* **Your objective**:
Exclude the pictures and transcribe the rest of the data below exactly.

* **Provided data**:
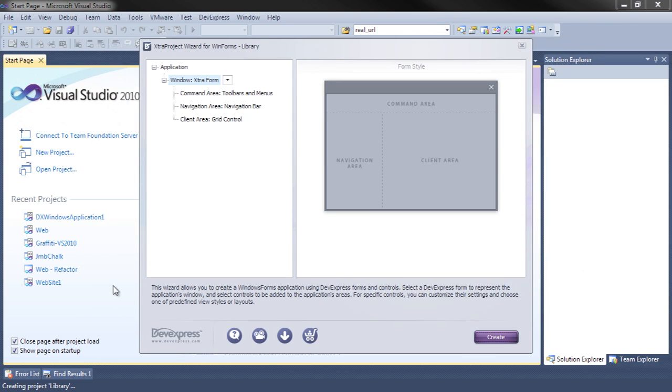The template runs displaying this customization dialog. The first thing we have to do is select what kind of form container we want for our particular project.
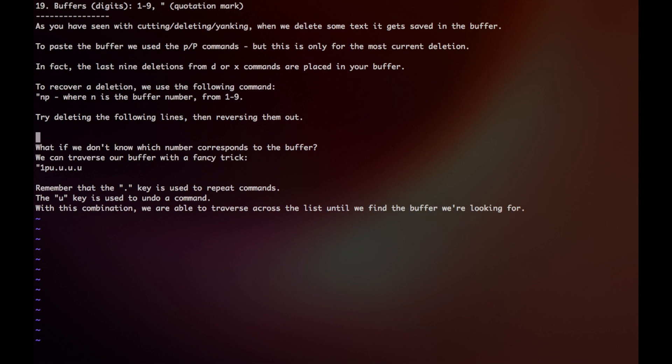is going to be at buffer position 1, because it was most recent. And then my very first deletion, which was line number 1, that's going to be pushed all the way to buffer number 5.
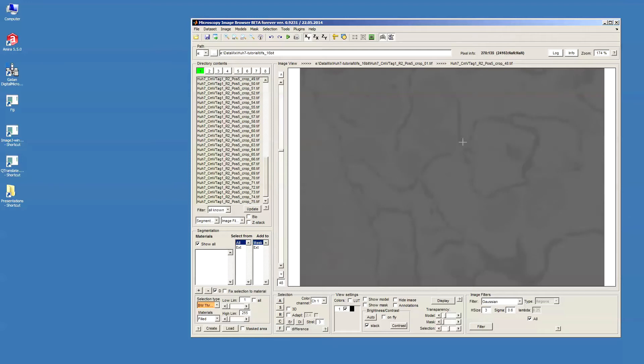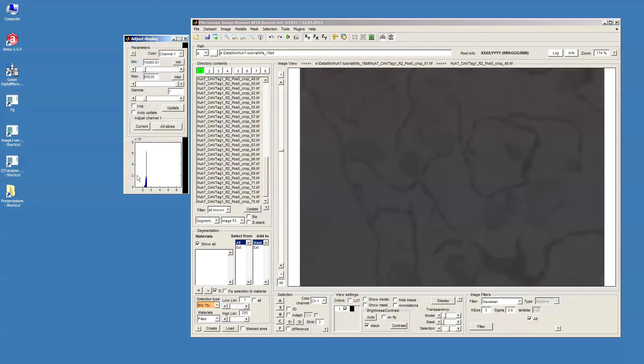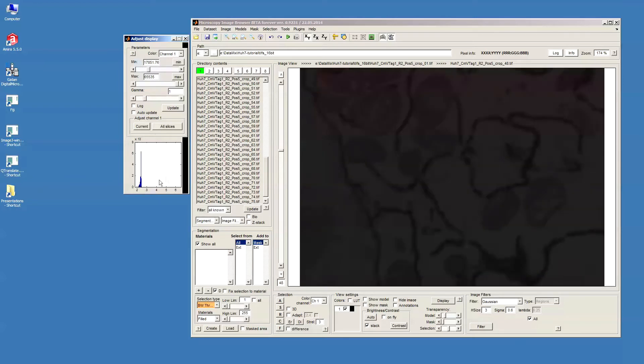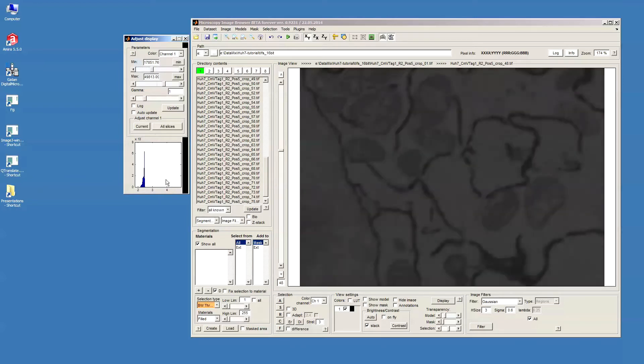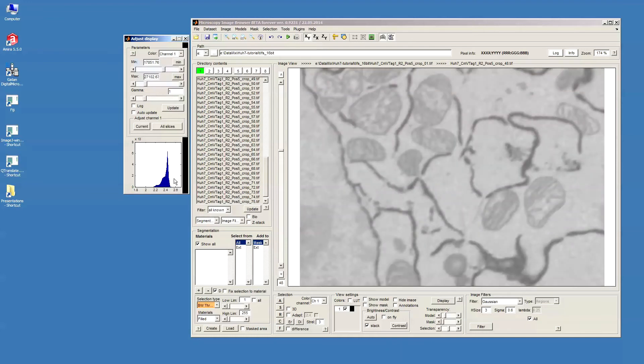Now the data looks quite grey because it was taken in 16-bit format and the actual intensities are not stretched through the whole intensity range. In order to stretch the data, we need to press the display button. Using the left key we can change the minimum value, the minimum intensity value, and using the right key we can change the maximum intensity value.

* **Solution**:
The template runs displaying this customization dialog. The first thing we have to do is select what kind of form container we want for our particular project.
is going to be at buffer position 1, because it was most recent. And then my very first deletion, which was line number 1, that's going to be pushed all the way to buffer number 5.
Now the data looks quite grey because it was taken in 16-bit format and the actual intensities are not stretched through the whole intensity range. In order to stretch the data, we need to press the display button. Using the left key we can change the minimum value, the minimum intensity value, and using the right key we can change the maximum intensity value.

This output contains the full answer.